L. n° 2026-534 du 25 juin 2026, JO 26 juin (art. 48)

La loi du 25 juin 2026 relative à la lutte contre les fraudes sociales et fiscales renforce les pouvoirs de contrôle en matière de compte professionnel de prévention (C2P) et de tarification des accidents du travail et maladies professionnelles (AT-MP).

En cas de contrôle, les employeurs doivent désormais :

  • présenter aux agents de contrôle tout document nécessaire à leur mission ;
  • leur laisser l’accès aux locaux de l’entreprise ;
  • pouvoir justifier l’exactitude de leurs déclarations relatives au C2P et à la tarification ATMP.

Les constatations des agents de contrôle font foi jusqu’à preuve du contraire, y compris lorsqu’elles révèlent un abus, une faute ou une fraude, commis en méconnaissance des obligations légales et réglementaires.
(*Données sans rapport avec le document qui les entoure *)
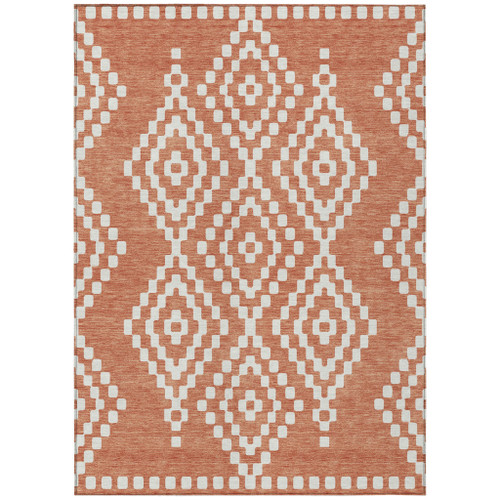 5' X 8' Salmon And Ivory Geometric Washable Indoor Outdoor Area Rug Transitional Style - Salmon, Ivory Color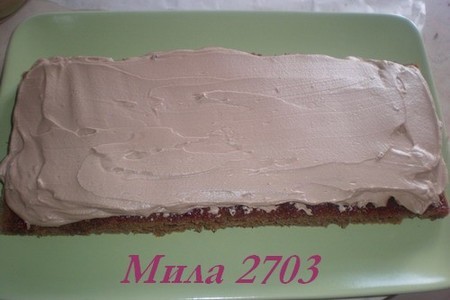 Бисквитно- шоколадный торт с сырным кремом: шаг 4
Elles peuvent être communiquées à un autre organisme de protection sociale.

Enfin, en cas de déclaration inexacte, la pénalité par salarié concerné ne peut être inférieure à 1,25 % du plafond mensuel de la Sécurité sociale. En cas de récidive, dans un délai fixé par décret, son montant sera doublé.

Pour rappel, lorsqu’un salarié est exposé, au-delà des seuils réglementaires et malgré les mesures de prévention, à un ou plusieurs facteurs de risques professionnels relevant du C2P (activités exercées en milieu hyperbare, températures extrêmes, bruit, travail de nuit, travail en équipes successives alternantes ou travail répétitif), un C2P lui est ouvert et des points lui sont attribués en fonction des déclarations de l’employeur faites par DSN.

Il est également rappelé que les ingénieurs-conseils et contrôleurs de sécurité habilités par les Carsat et la Cramif peuvent vérifier l’exactitude des déclarations, attestations et justificatifs servant au calcul du taux de cotisation AT-MP ou permettant l’attribution d’aides, subventions, ristournes, financements, droits ou prestations.